Cisco has revealed that hackers have been exploiting a vulnerability in one of its popular networking products for at least three years. This has prompted urgent warnings from the United States government and its allies, who are urging organizations to take immediate action.
The bug, which carries the maximum vulnerability severity score of 10.0, affects Cisco’s Catalyst SD-WAN products. These systems are used by large enterprises and government agencies to connect private networks across multiple offices over long distances. By exploiting this flaw over the internet, attackers can gain the highest level of permissions on these devices. This allows them to maintain persistent, hidden access within a victim’s network to spy or steal data over extended periods.
After discovering the bug, Cisco researchers traced evidence of its exploitation back to 2023. Some of the affected organizations are described as critical infrastructure. While Cisco did not provide specific details, critical infrastructure broadly includes essential sectors like power grids, water supply, and transportation.

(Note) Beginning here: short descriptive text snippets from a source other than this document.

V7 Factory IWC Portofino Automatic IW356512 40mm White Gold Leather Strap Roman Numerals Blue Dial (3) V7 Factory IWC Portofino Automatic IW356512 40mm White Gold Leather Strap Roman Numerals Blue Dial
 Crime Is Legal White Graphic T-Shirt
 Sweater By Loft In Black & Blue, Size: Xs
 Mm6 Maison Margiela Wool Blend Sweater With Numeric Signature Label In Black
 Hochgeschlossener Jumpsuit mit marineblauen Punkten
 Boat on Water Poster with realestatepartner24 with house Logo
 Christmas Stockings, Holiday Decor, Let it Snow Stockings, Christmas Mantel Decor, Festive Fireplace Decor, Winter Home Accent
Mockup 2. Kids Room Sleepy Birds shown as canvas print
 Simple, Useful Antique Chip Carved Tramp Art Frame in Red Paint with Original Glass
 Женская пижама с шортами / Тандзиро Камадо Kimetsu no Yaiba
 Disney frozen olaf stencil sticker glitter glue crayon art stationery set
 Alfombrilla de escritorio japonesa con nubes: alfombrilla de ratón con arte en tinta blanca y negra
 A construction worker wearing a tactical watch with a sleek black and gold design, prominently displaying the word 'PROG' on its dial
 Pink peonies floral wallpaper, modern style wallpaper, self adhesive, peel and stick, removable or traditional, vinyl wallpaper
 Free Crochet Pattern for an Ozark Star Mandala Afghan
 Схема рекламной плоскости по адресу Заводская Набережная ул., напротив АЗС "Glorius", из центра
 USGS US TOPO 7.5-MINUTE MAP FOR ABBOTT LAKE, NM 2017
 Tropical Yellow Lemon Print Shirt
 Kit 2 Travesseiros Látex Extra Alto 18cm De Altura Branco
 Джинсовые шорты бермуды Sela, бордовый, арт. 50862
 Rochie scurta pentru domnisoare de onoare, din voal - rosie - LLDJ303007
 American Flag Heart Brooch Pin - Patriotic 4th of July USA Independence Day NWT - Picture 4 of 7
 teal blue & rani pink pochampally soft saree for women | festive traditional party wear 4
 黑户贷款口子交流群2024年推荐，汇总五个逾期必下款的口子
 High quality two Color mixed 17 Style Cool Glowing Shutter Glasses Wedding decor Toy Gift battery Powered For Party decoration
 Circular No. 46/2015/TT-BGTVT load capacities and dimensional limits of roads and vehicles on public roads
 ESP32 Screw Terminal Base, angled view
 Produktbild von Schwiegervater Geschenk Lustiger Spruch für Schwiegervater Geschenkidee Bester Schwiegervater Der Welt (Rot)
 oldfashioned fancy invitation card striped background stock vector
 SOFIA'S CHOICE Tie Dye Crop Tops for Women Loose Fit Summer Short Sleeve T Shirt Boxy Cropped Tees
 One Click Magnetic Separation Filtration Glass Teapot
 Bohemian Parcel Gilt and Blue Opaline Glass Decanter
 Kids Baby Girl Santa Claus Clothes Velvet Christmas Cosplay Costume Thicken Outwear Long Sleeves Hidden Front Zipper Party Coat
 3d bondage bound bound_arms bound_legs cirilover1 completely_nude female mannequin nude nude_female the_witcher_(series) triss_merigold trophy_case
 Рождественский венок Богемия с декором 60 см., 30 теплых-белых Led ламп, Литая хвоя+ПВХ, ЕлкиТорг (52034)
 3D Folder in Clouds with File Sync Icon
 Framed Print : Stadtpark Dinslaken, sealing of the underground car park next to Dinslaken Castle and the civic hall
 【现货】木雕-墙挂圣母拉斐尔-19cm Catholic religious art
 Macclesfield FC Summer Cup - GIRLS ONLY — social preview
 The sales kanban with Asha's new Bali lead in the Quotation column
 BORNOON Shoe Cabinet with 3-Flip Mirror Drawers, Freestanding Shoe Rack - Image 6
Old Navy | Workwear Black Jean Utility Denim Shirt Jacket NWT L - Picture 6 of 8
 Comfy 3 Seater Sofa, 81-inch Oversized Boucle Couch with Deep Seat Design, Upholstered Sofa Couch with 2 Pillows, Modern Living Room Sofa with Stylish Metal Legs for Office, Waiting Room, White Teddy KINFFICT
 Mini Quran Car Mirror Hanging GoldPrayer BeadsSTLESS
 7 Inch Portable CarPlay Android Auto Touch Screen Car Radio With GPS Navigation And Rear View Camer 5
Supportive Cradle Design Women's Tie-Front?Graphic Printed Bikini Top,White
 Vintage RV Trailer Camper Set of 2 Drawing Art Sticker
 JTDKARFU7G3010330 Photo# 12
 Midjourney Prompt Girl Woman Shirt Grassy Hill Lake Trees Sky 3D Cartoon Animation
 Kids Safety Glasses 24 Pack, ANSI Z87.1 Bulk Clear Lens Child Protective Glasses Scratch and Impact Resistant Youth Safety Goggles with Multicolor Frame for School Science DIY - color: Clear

Governments from Australia, Canada, New Zealand, the United Kingdom, and the United States jointly warned that threat actors are targeting organizations globally. The U.S. Cybersecurity and Infrastructure Security Agency, or CISA, ordered all civilian federal agencies to patch their systems by the end of the day on Friday, citing an imminent threat and unacceptable risk. CISA, which noted it is currently operating at reduced capacity due to a partial government shutdown, confirmed it is aware of ongoing exploitation activity.
Neither Cisco nor the governments attributed the attacks to a specific threat group or nation state, though one cluster of activity is tracked as UAT-8616. This warning follows a similar alert from Cisco in December regarding another maximum-severity vulnerability that was being actively used to hack into customer networks.